Practice Problem Link: Substring Search - II
Please make sure to try solving the problem yourself before looking at the editorial.
Problem Statement
Given two strings s1 and s2, find the index of the first occurrence of s2 in s1 as a substring.
If no such occurence exists, return -1.
This problem is also known as finding needle in a haystack.
Use the Rabin-Karp algorithm to solve this problem.
Approach
We will use the Rabin - Karp algorithm to solve this problem. The Rabin Karp algorithm relies on the technique of String Hashing as a prerequisite. The Rabin Karp algorithm is an optimization over the standard naive algorithm of sliding over the substrings of the string to search for the pattern, in the way that first it compares the hash values of the 2 strings, and if they match then only it begins to do the character by character matching for confirmation. The hash values we need to know are:
- Hash Value of the pattern.
- Hash Values of all the substrings of the first string.
Finding Hash Values of Substrings Quickly:
The hash function should be computable from the current hash value and the character next in line in the string. By choosing such a hash function, we can compute the hash as:
hash[s[i]…..s[j]] = rehash(text[s[i]….s[j]], hash[s[i]….s[j - 1]])

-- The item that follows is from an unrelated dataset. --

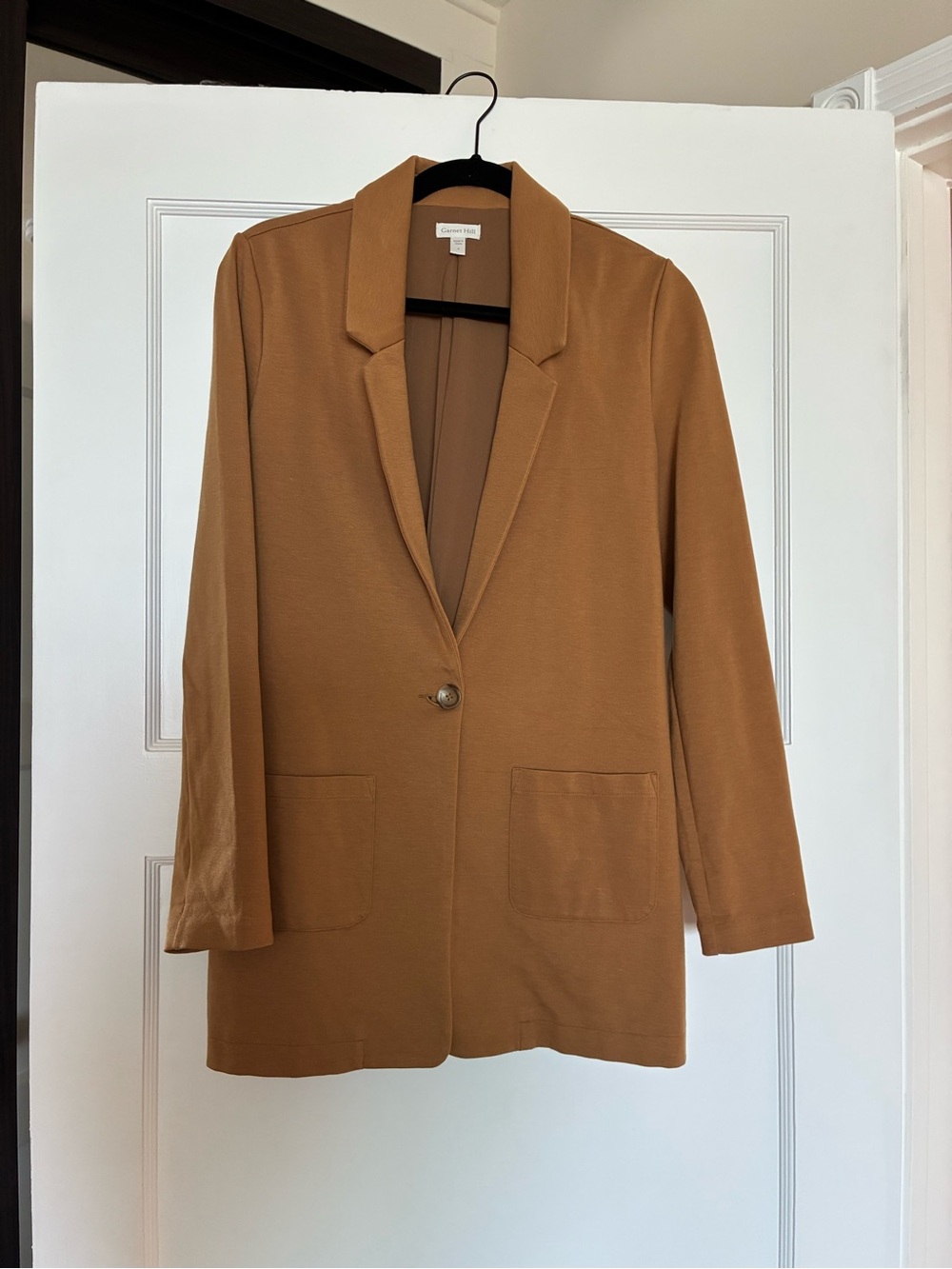 Garnet Hill Caramel Single-Button Blazer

The rehash function should be chosen so as to perform in constant time.
Analysis:
- Time Complexity: O(|s1| * |s2|) // Average Case is O(|s1| + |s2|)
- Space Complexity: O(1)
Implementation
C++
const int CHARSET = 26;
const int MOD = 29;
int rabinKarp(string pattern, string text, int m, int n) {
int hash = 1, patternHash = 0, textHash = 0;
for(int i = 1; i < m; i++) {
hash *= CHARSET;
hash %= MOD;
}
for(int i = 0; i < m; i++) {
patternHash = (patternHash * CHARSET + pattern[i]) % MOD;
textHash = (textHash * CHARSET + text[i]) % MOD;
}
for(int i = 0; i <= n - m; i++) {
if(patternHash == textHash) {
int index = 0;
for(int j = 0; j < m; j += 1, index += 1) {
if(text[i + j] != pattern[j]) {
break;
}
}
if(index == m) {
return i;
}
}
if(i + m < n) {
textHash = (text[i + m] + CHARSET * (textHash - text[i] * hash)) % MOD;
if(textHash < 0) {
textHash += MOD;
}
}
}
return -1;
}
int findStartIndexOfSubstring(string s1, string s2) {
int m = s2.length();
int n = s1.length();
if(m > n) {
return -1;
}
return rabinKarp(s2, s1, m, n);
}Java
class Solution {
int CHARSET = 26;
int MOD = 29;
int rabinKarp(char[] pattern, char[] text, int m, int n) {
int hash = 1, patternHash = 0, textHash = 0;
for(int i = 1; i < m; i++) {
hash *= CHARSET;
hash %= MOD;
}
for(int i = 0; i < m; i++) {
patternHash = (patternHash * CHARSET + pattern[i]) % MOD;
textHash = (textHash * CHARSET + text[i]) % MOD;
}
for(int i = 0; i <= n - m; i++) {
if(patternHash == textHash) {
int index = 0;
for(int j = 0; j < m; j += 1, index += 1) {
if(text[i + j] != pattern[j]) {
break;
}
}
if(index == m) {
return i;
}
}
if(i + m < n) {
textHash = (text[i + m] + CHARSET * (textHash - text[i] * hash)) % MOD;
if(textHash < 0) {
textHash += MOD;
}
}
}
return -1;
}
int findStartIndexOfSubstring(String s1, String s2) {
int m = s2.length();
int n = s1.length();
if(m > n) {
return -1;
}
return rabinKarp(s2.toCharArray(), s1.toCharArray(), m, n);
}
}